Sah emphasized that Workspace Hub is more than just a traditional thin client device.
“It opens up some really innovative use cases based on Citrix beyond the traditional thin client market, such as proximity applications and IoT integrations,” he said. “We work closely with Citrix as an enabler, and their stack sits on top of our thin client solution. We are focusing on the growth opportunity in the Citrix space. The commitment we have made to them is very large, making sure Workspace Hub is capable is being used by the user community. There are hundreds of thousands of Citrix devices and a high level of interest in this. We are finding new use cases as well, such as in health care, having these low wattage devices sit on carts on wheels in hospital. They also provide an opportunity for doctors and nurses to do session roaming in Workspace apps.”
NComputing’s channel has been comparatively slow off the market with Workspace Hub, but Sah expects to see a major change there in the year ahead.
“It always takes longer for the channel to come into play with new technology,” he said. “They want to see the demand first. We have 70 POCs running now, and have had 100 in the last few months, which is demonstrating that demand. We are looking on Workspace Hub as a very large growth opportunity for the channel in 2019. They don’t see it just as a hardware sale.”
“These successful POCs are starting to roll out in higher volumes, and they are critical in the enterprise, because they don’t just roll out 10,000 devices at once,” said David Valentino, NComputing’s VP of Enterprise Sales. “This year, we are well positioned to start looking at high volume deployments because the customers have gone through their early process with the POCs. Citrix and Citrix partners are key to our success here.
“Customers say that part of the advantage of Workspace Hub is the ROI,” Valentino added. “They say that they spend between 25 and 35 per cent of their costs on end devices currently, and they want to reduce that. We enable that, to provide them with more budget and more money. We are also drastically reducing their set up times. In conference rooms, we can get their session up and running with Workspace Hub in a few seconds as opposed to 20-30 minutes.”
“The endpoint cost is a third of the traditional thin client, and we can provide a 70 to 80 per cent saving in the endpoint budget in terms of service and overall maintenance,” Sah said.
Verde is the focus of NComputing’s Desktop-as-a-Service [DaaS] efforts.

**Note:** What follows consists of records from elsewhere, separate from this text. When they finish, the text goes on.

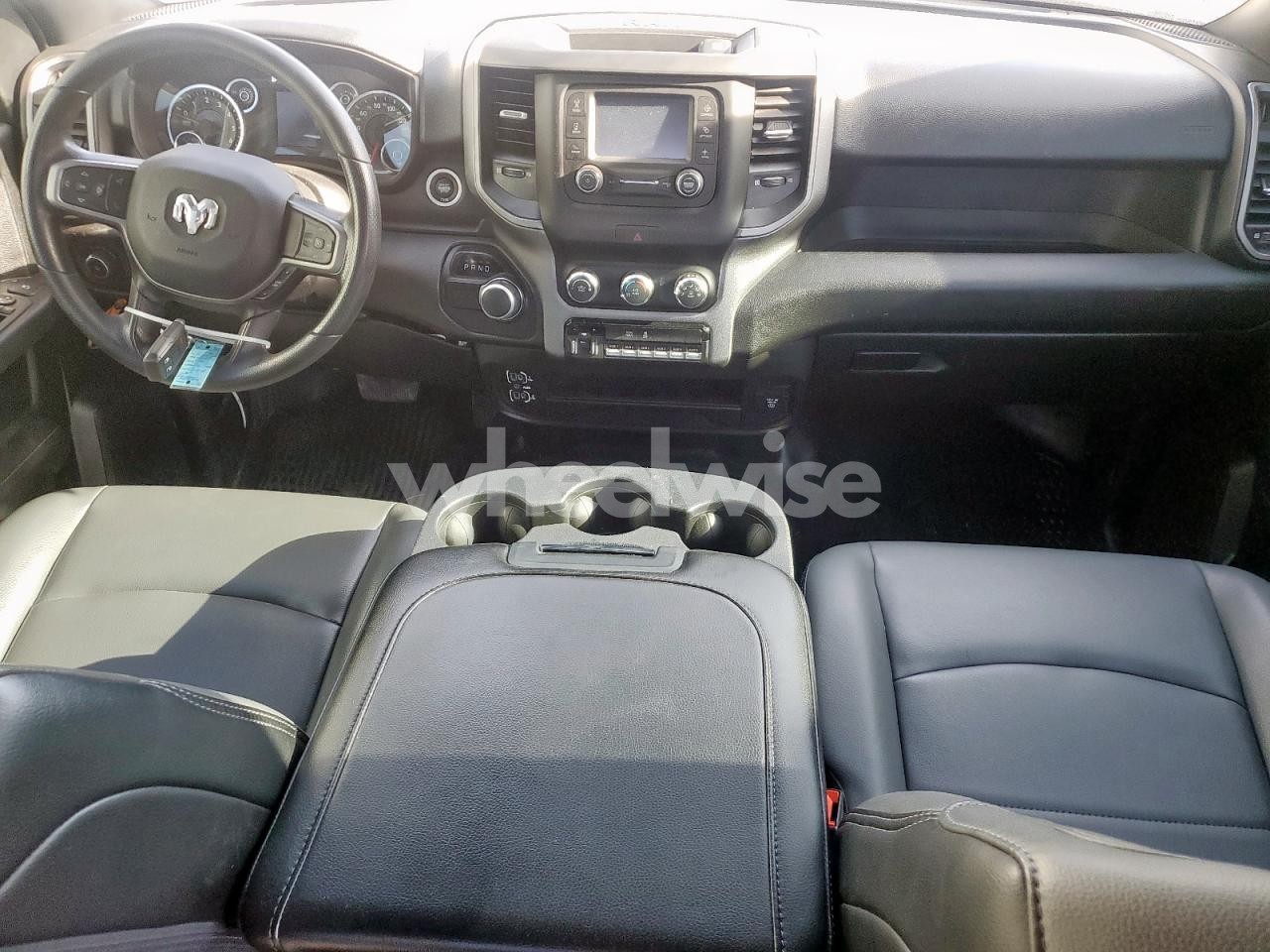 Photo 8 of 2024 RAM 2500 UTILITY / SERVICE TRUCK (VIN 3C6UR4HJXRG139306)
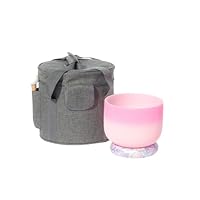 Amazon | KCNN クリスタルボウル ヨガボウル クリスタルシンギング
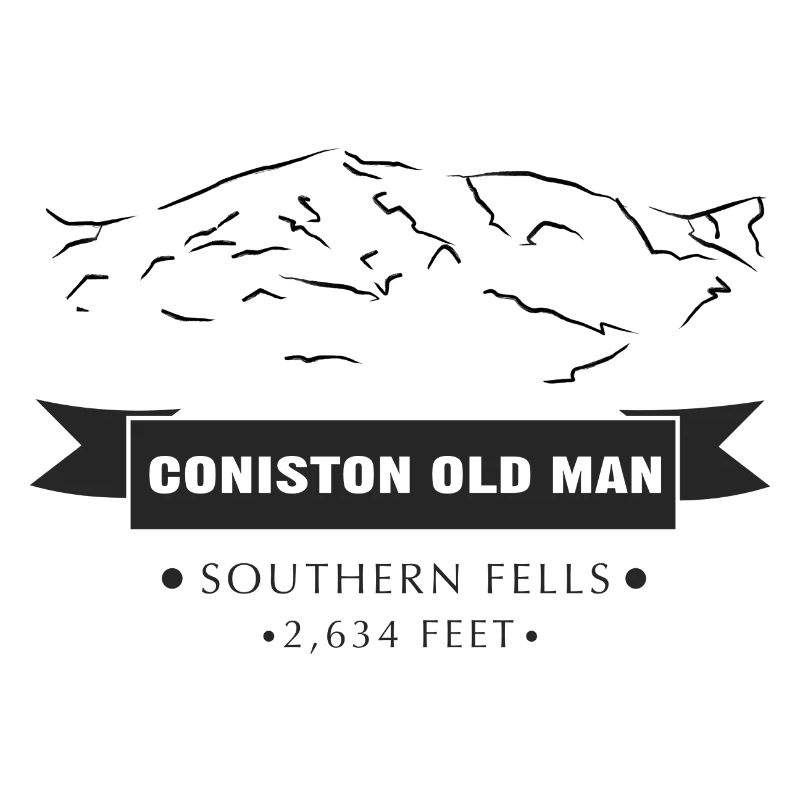 Coniston alter Mann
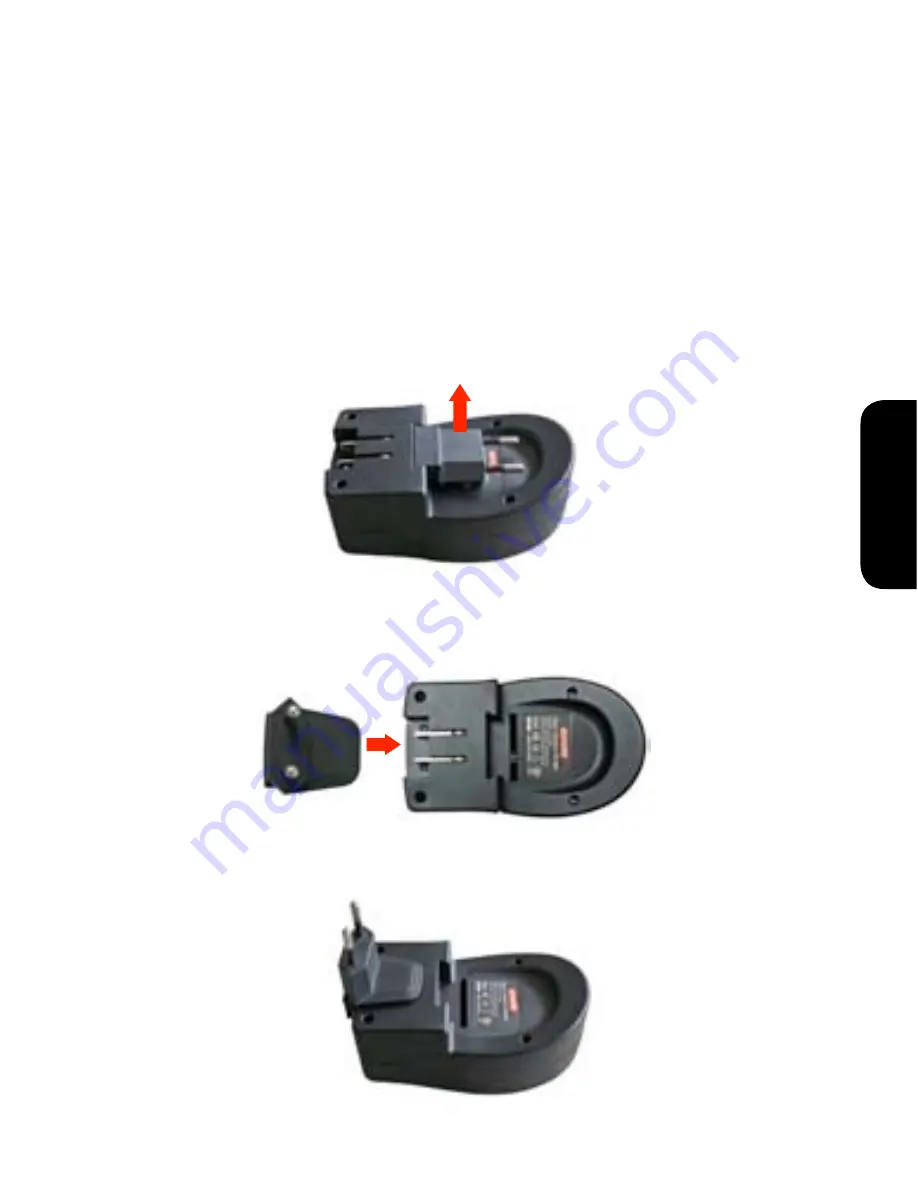 DigiPower TC-1000 User Manual Download Page 15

“We aren’t seeing adoption here in the large enterprise space,” Sah said. “Some are dipping their toes in, but the large majority of enterprise customers still do on prem because of their investment and the number of employees involved. “We believe that Verde will be the key to our DaaS strategy moving forward. SME is a stronger market for this, and we are focused on the MSP play here, enabling MSPs to offer it to their customers. It is easy to provision, and easy to set up.”
Verde, like the vSpace session-based platform, has also been strongest in price-competitive geos.

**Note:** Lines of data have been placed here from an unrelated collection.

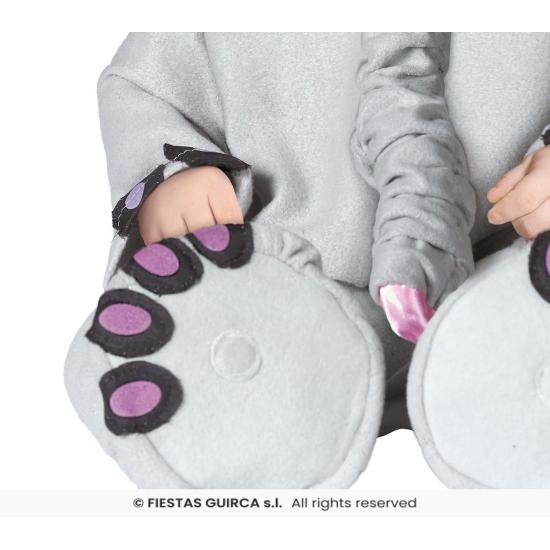 Disfraz Elefante Baby .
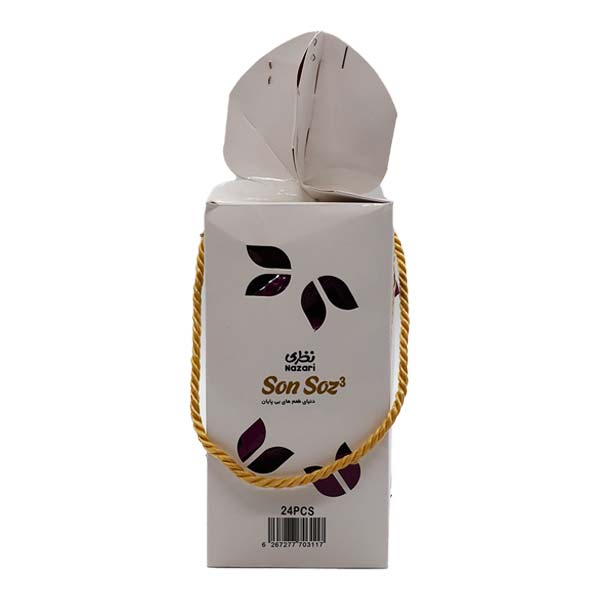 ویفر سون سوز کادویی نظری 840 گرمی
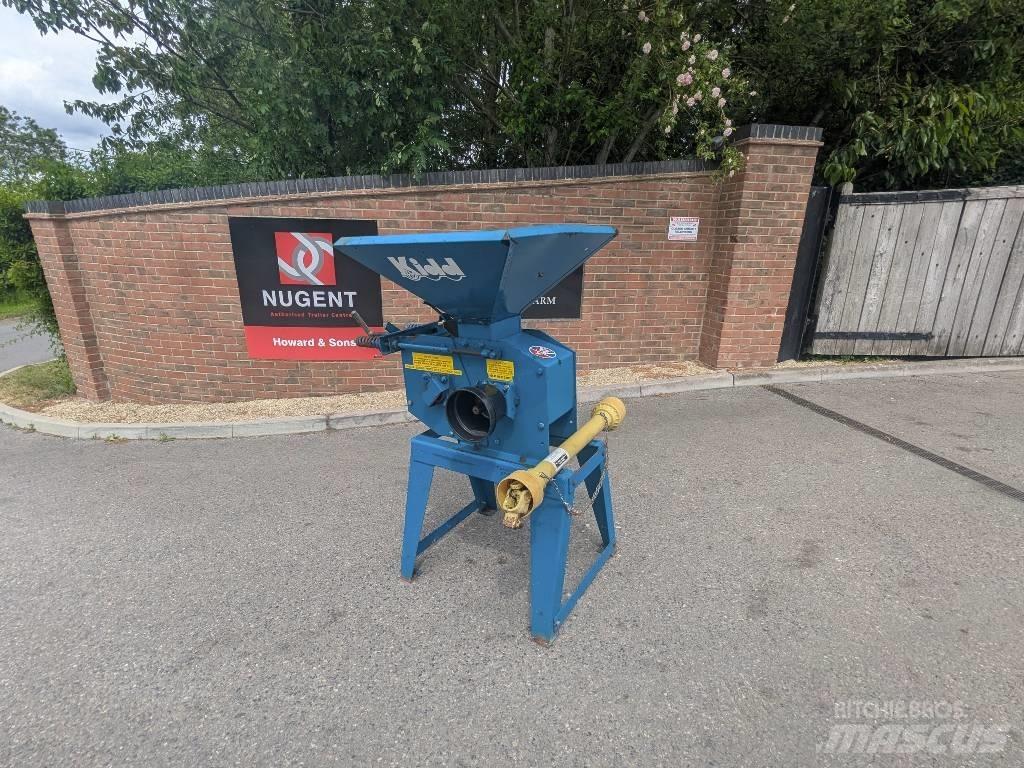  KIDD 6" ROLLER MILL Hranilice za stoku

“The principal initial focus with Verde has been Japan, Korea and Latin America, where price for VDI is very sensitive, and where they don’t need a whole lot of customization,” Sah said. “We are now moving back to the US and Europe, focusing on MSP enablement.”

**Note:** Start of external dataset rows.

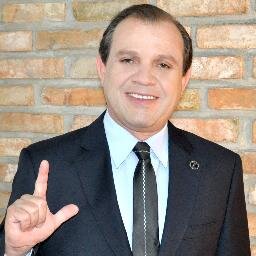 Advogado, Presidente estadual do PSDC e Apresentador do programa Luiz Adão na TV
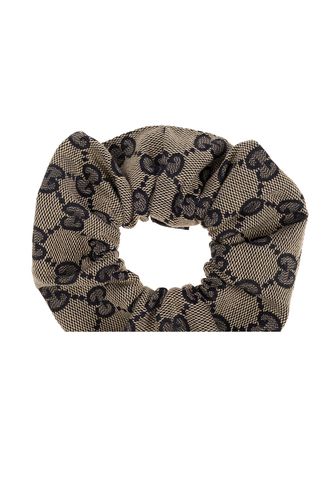 Gucci Monogrammed Scrunchie - Gucci - Modalova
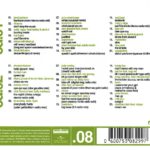 Maxima FM Compilation Vol. 08 Universal Music 2008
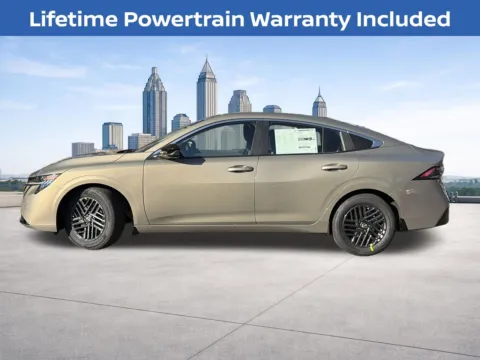 Photos of 2026 Nissan Sentra SV for sale in Marietta, GA at Nissan of Marietta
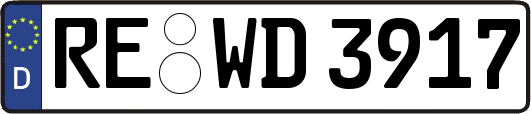 RE-WD3917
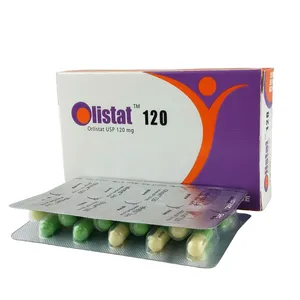 Olistat 120 (Strip of 10)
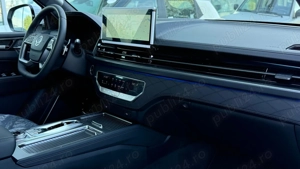 KGM Rexton G4 Y470 MY25 Premium 2.2E-XDI 202HP 4WD A8 - Ext. Alb perlat  Int. Negru, 7 locuri - imagine 7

While RX300 remains NComputing’s flagship VDI product, and serves the vSpace market, NComputing recently supplemented that with a new RX-RDP device, which is aimed more at customers using Microsoft Remote Desktop Services as well as Verde, and which Sah said also has strong promise in the North American market.
“Our main target audience for RX-RDP is solution providers focused on Microsoft ecosystem, and their SME customers,” he indicated. “We think that will make a lot of noise, and will be a strong channel play in both North America and EMEA. A third of thin client customers are primarily using the RDP protocol.”